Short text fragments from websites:
>>>
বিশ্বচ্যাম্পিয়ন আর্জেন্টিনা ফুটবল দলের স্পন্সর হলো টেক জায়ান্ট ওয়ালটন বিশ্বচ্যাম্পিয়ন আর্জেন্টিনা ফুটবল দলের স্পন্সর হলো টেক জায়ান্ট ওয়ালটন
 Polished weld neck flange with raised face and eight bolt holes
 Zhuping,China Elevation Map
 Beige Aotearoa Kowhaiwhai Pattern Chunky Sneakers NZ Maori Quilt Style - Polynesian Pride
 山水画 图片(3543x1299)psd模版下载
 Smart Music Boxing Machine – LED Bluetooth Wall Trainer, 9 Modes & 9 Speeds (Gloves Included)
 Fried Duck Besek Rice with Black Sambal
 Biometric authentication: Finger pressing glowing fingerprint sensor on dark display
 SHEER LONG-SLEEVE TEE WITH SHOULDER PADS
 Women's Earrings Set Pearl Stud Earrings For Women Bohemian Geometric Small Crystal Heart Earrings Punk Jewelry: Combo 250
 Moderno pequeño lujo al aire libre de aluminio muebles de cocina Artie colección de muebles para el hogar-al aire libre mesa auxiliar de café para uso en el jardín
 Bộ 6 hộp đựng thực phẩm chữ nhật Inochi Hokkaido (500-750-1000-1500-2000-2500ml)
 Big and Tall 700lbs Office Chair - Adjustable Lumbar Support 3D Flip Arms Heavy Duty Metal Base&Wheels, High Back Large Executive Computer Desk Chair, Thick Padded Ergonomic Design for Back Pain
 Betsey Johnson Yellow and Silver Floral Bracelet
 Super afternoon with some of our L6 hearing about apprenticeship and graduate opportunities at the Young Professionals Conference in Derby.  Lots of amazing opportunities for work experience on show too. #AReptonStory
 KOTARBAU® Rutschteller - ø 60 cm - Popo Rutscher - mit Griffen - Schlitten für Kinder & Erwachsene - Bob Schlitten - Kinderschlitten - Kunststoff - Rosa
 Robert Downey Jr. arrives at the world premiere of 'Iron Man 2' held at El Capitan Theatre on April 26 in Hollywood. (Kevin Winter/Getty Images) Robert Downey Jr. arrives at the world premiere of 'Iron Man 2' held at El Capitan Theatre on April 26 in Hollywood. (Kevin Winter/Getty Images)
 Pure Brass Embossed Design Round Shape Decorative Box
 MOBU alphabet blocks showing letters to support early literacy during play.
<<<
Task brief:
Please give back only the lines between the first line of the entries and the line with "Bộ 6 hộp đựng", both ends included, word for word.

Answer to this exercise:
বিশ্বচ্যাম্পিয়ন আর্জেন্টিনা ফুটবল দলের স্পন্সর হলো টেক জায়ান্ট ওয়ালটন বিশ্বচ্যাম্পিয়ন আর্জেন্টিনা ফুটবল দলের স্পন্সর হলো টেক জায়ান্ট ওয়ালটন
 Polished weld neck flange with raised face and eight bolt holes
 Zhuping,China Elevation Map
 Beige Aotearoa Kowhaiwhai Pattern Chunky Sneakers NZ Maori Quilt Style - Polynesian Pride
 山水画 图片(3543x1299)psd模版下载
 Smart Music Boxing Machine – LED Bluetooth Wall Trainer, 9 Modes & 9 Speeds (Gloves Included)
 Fried Duck Besek Rice with Black Sambal
 Biometric authentication: Finger pressing glowing fingerprint sensor on dark display
 SHEER LONG-SLEEVE TEE WITH SHOULDER PADS
 Women's Earrings Set Pearl Stud Earrings For Women Bohemian Geometric Small Crystal Heart Earrings Punk Jewelry: Combo 250
 Moderno pequeño lujo al aire libre de aluminio muebles de cocina Artie colección de muebles para el hogar-al aire libre mesa auxiliar de café para uso en el jardín
 Bộ 6 hộp đựng thực phẩm chữ nhật Inochi Hokkaido (500-750-1000-1500-2000-2500ml)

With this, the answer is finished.